# Spoke length with Nexus 8-speed hub SG-8R36



## anga (Aug 22, 2011)

Hello:

At final stage of converting bike to IGH as specified above.
Stuck at calculating spoke length.

Wheel rim is by Rigida (no model info is available, )---several measurements give ERD (from base of spoke/nipple to opposite) of 532mm. Plugging in data Spocalc and also #1 Wheel Building SPOKE CALCULATOR Now Online | PROWHEELBUILDER
gives spoke lengths of 223.8mm and 223.1mm

This seems on the low side. 
Why?
2*spoke length + flange diameter of hub = 224 + 224 + 93 = 541mm -- only 9mm more than ERD of 532mm.

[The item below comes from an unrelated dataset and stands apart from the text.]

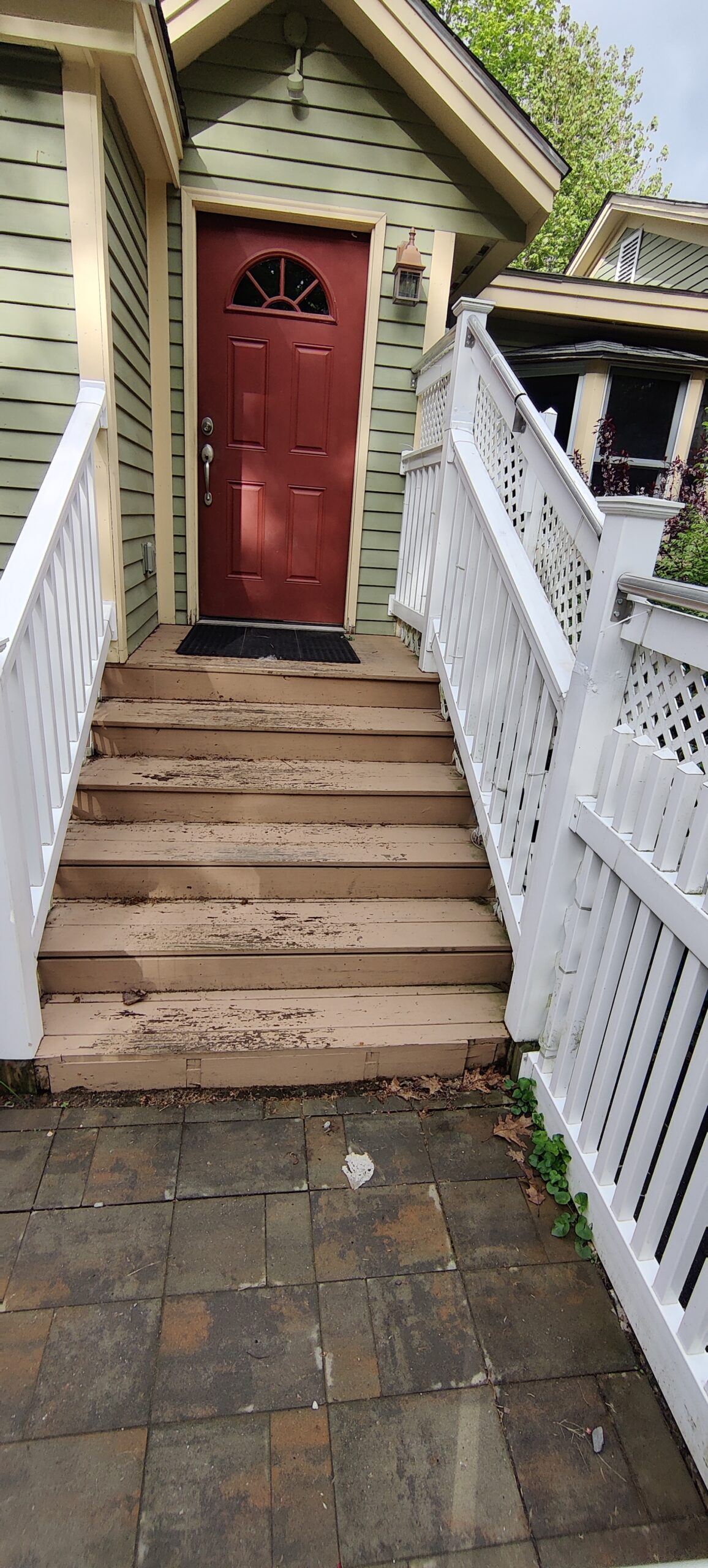 Original entry door and porch before the Troy front-entry transformation.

This does not take into account the spoke length inside the rim and the fact that the spoke is angled wrt the plane of the wheel.

Appreciate suggestions.


----------



## shiggy (Dec 19, 1998)

anga said:


> Hello:
> 
> At final stage of converting bike to IGH as specified above.
> Stuck at calculating spoke length.
> ...


How many crosses?


----------



## anga (Aug 22, 2011)

1-cross


----------



## shiggy (Dec 19, 1998)

anga said:


> 1-cross


That explains it. 1X is nearly radial.

But why use 1X? It is terrible for torque transfer. The hub is not large enough to require lacing it that way. Should still be able to use 3X.


----------



## anga (Aug 22, 2011)

Even with radial lacing, the spoke lengths seem to be short.
How deep do the spokes go inside the surface of the rim?


----------